Thought provoking use of language that transcends poetry. Talk about the stopping power of a 30/30! Each one of these magnificent pieces will take you to a different place, each time you read it. “unexpected colors everywhere into a flickering chorus.” Anique is dropping gems and manages to tell an entire story in 30 words. Buy this – for yourself and someone who loves, double entendre’, words, dreams, language, poetry, the unexpected in the ordinary … this is ACUTE. 
––Lillian Browne, Editor. The Reporter and Catskill Country magazine.

Feel Yourself Transformed. What is it about Anique Sara Taylor’s Civil Twilight that sears my brain? What is it that sends me into orbit like “glistening ribbons around Jupiter”? Maybe it’s Taylor’s emotionally ornate language that lures me into other dimensions. Maybe it’s because she seems to deliver her poems by hand, each like a personal note from a dear friend that grabs the heart. Consider the line “I foolishly hunt for shelter to hide from flying debris” from the poem “Luminous Anarchy.” Taylor conveys grief and other big emotions in her spare five-line poems. Try reading all 30 poems aloud in sequence and feel yourself transformed as you experience each poem one after another, woven together by great intimacy and rare musicality.
––Sharon Israel, Host of Planet Poet-Words in Space. Radio Show and Podcast .

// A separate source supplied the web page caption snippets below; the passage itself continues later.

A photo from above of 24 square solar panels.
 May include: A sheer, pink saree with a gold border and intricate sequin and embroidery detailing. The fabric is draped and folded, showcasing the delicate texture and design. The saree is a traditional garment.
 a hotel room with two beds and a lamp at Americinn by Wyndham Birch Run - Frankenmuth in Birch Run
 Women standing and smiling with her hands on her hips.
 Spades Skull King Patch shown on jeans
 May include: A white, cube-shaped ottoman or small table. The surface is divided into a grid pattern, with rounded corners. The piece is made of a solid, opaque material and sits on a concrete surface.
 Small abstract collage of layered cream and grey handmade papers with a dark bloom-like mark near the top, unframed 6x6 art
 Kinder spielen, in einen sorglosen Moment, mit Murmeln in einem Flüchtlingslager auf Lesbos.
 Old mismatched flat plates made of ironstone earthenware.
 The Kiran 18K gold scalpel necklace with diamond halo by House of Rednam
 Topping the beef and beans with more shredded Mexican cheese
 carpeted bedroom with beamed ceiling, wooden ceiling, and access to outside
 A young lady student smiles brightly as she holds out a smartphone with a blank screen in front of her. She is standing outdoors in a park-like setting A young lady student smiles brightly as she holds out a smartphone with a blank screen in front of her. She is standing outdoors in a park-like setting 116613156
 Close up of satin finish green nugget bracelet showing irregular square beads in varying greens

…the poems and they are magical. Like stepping into the sacred nature of ordinary life and the vast mysteries of Spirit simultaneously, regarded  from different points of view. I am sitting of the sunny porch, reading with so much happiness.
––Julie Winter-Child, Author of Dancing Home
Co-founder of The Helix Training/Helix Ministry and Healing Works

Anique Sara Taylor’s Civil Twilight, which won the 2022 Blue Light Poetry Prize, is comprised of thirty thirty-word poems. I could offer up any of them as examples of the author’s linguistic cartwheels, so I’ll give you a taste: 

        ” Innumerable Halos

         After the full moon, corals unleash spores
         into underwater snowstorms. Cheetahs and
         wild dogs stalk their prey. Nocturnal migrants,
         singing warblers streak past lunar splendor
         while scientists count vanishing silhouettes.”

Taylor’s poems are the brushstrokes of a master painter who isn’t afraid of using neon colors when she feels like it.